Nella seconda immagine, la Luna fotografata nel 1972 dagli astronauti dell’Apollo 17, l’ultima missione umana realizzata dalla NASA. L’Apollo 17 è allunata a Taurus-Littrow, una valle scelta proprio per analizzare l’altopiano lunare più antico, risalente all’impatto che ha formato il Mare Imbrium e valutare le possibilità di un’attività vulcanica nelle vicinanze. L’immagine racconta la storia di un corpo non modellato da agenti atmosferici e geologicamente poco attivo. Non agendo sulla Luna forze tettoniche, non si vedono tracce di eruzioni vulcaniche o fenomeni sismici ad averne modificato la superficie di recente.

Il terzo panorama è stato realizzato sul suolo di Venere ed è una immagine storica, realizzata dalla missione sovietica Venera 14. Insieme alla sua gemella Venera 13 questa sonda è stata lanciata nel 1981 per atterrare sulla superficie del pianeta e raccogliere dati e preziose immagini resistendo per qualche ora alle terribili condizioni venusiane. A differenza dei corpi precedenti, Venere ha una densissima atmosfera composta principalmente da anidride carbonica che genera una pressione al suolo di 90 volte quella terrestre e un effetto serra tale da comportare tempertaure medie di oltre 400 gradi su tutto il pianeta. Quella che vediamo nell’immagine è una superficie più giovane delle precedenti, figlia dall’intensissima attività vulcanica che ha rimodellato il suolo del pianeta in un passato relativamente recente.
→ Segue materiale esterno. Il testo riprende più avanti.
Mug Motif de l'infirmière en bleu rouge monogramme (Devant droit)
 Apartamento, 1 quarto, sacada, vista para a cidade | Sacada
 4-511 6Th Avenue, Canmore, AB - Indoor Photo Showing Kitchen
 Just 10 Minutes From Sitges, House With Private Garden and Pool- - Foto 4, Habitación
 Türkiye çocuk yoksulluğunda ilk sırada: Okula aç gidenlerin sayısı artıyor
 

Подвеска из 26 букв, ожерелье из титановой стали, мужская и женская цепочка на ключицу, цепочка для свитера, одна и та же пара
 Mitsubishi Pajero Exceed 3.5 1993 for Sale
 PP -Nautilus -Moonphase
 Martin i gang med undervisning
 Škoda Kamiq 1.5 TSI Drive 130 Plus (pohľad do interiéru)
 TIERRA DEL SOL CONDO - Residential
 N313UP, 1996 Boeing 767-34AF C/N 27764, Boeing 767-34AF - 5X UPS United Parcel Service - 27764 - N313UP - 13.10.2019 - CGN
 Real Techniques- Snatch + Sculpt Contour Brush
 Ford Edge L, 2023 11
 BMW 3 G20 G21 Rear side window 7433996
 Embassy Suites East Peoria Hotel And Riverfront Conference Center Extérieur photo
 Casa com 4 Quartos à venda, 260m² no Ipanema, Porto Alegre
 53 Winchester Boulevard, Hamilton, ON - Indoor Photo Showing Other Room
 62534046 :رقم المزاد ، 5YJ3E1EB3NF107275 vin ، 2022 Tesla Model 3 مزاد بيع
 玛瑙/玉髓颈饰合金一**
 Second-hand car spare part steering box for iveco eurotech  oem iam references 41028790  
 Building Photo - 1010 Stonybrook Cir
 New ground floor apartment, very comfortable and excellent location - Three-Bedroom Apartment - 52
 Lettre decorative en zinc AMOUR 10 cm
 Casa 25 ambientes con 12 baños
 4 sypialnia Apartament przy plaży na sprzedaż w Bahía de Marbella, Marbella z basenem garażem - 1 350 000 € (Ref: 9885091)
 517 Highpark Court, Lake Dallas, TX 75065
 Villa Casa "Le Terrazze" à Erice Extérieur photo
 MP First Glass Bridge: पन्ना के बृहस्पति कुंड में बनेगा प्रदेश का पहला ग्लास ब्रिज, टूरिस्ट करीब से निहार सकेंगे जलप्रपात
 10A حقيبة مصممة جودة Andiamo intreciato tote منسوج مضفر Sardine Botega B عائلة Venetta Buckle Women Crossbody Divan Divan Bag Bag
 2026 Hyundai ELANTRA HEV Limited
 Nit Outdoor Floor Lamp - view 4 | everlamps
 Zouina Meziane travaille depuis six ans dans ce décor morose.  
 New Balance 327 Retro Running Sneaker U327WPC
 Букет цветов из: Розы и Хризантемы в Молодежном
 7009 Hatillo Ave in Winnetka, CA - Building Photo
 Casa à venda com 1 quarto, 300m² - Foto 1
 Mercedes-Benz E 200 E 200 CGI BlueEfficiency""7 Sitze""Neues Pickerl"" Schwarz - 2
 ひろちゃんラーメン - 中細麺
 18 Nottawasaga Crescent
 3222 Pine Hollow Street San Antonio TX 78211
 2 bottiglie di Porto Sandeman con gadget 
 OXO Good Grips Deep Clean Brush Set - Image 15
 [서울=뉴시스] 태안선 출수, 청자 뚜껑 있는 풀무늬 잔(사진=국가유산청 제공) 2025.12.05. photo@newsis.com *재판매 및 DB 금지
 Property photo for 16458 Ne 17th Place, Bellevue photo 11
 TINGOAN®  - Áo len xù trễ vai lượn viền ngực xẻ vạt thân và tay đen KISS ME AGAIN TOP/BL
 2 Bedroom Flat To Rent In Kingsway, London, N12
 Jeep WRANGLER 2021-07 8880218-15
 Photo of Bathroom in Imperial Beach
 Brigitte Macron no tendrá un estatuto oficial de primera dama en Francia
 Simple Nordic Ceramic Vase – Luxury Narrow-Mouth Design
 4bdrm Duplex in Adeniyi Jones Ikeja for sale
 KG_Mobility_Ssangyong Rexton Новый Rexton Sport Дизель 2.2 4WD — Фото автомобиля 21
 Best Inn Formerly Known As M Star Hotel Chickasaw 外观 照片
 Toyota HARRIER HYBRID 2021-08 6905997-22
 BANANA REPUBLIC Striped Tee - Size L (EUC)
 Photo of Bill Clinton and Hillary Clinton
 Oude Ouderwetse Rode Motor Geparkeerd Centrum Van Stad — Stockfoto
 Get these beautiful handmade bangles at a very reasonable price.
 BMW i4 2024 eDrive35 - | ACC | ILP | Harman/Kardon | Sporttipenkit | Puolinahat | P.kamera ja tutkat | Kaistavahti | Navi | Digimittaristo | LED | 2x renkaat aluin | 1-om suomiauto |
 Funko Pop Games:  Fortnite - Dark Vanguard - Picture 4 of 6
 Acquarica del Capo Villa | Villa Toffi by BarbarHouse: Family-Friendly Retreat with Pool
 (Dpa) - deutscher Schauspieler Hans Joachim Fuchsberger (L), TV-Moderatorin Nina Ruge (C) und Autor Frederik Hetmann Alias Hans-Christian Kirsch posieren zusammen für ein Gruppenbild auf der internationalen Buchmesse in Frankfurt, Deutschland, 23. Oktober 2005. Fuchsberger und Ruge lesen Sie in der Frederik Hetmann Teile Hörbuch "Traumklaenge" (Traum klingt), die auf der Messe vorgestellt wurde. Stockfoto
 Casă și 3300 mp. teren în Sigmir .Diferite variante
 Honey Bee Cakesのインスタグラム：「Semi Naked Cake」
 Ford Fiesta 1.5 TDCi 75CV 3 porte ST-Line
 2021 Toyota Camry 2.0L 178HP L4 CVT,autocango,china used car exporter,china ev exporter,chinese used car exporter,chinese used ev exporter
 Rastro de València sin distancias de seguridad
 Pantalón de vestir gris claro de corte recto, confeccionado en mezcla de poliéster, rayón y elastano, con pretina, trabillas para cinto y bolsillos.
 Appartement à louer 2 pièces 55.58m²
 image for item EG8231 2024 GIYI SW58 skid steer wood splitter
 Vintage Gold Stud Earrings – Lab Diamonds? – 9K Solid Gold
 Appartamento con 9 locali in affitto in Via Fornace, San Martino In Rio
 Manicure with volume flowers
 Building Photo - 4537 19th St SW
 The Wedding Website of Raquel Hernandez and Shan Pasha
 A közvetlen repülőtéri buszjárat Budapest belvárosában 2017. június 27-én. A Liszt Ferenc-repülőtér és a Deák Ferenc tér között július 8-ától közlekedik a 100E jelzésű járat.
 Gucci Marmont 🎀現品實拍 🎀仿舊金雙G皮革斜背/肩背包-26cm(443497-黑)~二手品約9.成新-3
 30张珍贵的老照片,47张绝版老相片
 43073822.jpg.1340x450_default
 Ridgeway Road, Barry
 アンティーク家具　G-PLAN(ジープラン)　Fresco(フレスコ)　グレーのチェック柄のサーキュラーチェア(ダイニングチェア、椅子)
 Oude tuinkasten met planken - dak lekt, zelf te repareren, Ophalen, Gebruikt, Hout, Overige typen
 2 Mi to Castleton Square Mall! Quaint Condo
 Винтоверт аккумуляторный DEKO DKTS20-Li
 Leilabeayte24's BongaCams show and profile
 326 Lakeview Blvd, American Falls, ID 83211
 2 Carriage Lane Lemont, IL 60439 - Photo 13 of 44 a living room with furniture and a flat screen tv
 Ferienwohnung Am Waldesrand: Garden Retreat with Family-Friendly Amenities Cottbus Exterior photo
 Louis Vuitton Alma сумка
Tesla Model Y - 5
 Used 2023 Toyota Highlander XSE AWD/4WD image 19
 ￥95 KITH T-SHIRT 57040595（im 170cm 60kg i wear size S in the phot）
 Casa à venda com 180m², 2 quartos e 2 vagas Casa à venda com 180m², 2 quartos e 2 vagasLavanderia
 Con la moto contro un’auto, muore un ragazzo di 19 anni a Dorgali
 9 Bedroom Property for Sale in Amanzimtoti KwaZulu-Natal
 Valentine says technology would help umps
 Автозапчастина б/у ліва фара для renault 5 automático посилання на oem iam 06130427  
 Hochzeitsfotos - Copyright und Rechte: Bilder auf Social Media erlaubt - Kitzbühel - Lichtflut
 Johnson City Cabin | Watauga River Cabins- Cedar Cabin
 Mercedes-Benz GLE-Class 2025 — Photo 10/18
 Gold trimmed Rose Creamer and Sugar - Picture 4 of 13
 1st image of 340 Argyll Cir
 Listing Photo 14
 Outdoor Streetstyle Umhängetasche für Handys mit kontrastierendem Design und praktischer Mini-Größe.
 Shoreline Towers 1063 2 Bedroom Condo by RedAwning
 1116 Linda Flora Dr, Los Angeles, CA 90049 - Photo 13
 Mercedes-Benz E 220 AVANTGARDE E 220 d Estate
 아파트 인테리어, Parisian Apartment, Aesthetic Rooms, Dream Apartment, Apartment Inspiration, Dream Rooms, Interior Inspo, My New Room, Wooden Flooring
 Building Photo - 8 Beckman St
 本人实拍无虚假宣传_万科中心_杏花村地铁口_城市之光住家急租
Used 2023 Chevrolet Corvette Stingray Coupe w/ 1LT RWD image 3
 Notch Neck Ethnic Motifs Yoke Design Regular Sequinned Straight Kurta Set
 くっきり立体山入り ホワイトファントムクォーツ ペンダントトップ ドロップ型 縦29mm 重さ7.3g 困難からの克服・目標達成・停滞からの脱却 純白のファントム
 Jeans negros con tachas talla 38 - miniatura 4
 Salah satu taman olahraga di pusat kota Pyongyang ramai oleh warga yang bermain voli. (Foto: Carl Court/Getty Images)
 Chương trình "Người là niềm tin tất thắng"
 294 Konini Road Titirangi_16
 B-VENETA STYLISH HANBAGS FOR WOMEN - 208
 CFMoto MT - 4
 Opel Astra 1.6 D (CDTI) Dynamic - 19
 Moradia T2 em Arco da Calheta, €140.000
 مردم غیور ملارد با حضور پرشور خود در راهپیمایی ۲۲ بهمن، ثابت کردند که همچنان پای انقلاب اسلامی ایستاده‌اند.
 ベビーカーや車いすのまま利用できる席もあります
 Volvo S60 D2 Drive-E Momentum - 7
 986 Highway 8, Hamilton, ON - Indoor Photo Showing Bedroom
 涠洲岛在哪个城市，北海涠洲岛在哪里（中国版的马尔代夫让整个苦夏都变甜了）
A seguire, Marte, fotografato più recetemente da Spirit, il primo dei due rover gemelli della NASA che dal 2004 hanno inziato a esplorare il pianeta, funzionando contro ogni aspettativa fino al 2011. L’immagine sembrerebbe quella di un deserto di sabbia con rocce stratificate e dai bordi taglienti, dunque poco esposte a processi atomsferici. E se attualmente le condizioni sul pianeta rosso, la sua tenue atmosfera e le condizioni di pressione e temperatura al suolo, rendono impossibile l’esistenza di acqua liquida, gli scienziati sono sempre più convinti che in un passato più o meno lontano questa possa essere esistita ed aver modificato la superficie del pianeta, esattamente come succede oggi per la Terra. E proprio come succede per la Terra, anche Marte ha un clima che risente di stagioni periodiche, un’intensa attività vulcanica e alcuni indizi suggeriscono che nella sua storia sia esistita attivita tettonica.

La penultima immagine è l’orizzonte di Titano, fotografato dalla sonda europea Huygens nel 2005, alla fine della sua avventurosa discesa nell’atmosfera della Luna di Saturno. Qui, il panorama potrebbe sembrare terrestre, con rocce arrotondate, levigate da processi atmosferici simili a quelli del nostro pianeta. I dati raccolti dagli strumenti ancora funzionanti sulla Cassini-Huygens parlano di una luna con una atmosfera di azoto, metano e idrocarburi dove esiste un ciclo del metano che alimenta i laghi che si trovano sulla sua superficie, in tutto e per tutto simile a quello terrestre dell’acqua.

Acqua protagonista dell’ultima immagine, decisamente terrestre, uno dei tanti oceani che ricoprono oltre il 70% del nostro pianeta. Una delle possibili conclusioni di una serie di processi evolutivi, che in presenza di alcune fortuite e quasi miracolose condizioni (definite da quella che si chiama “zona abitabile” del pianeta) può portare, in alcuni rari casi, alla nascita della vita.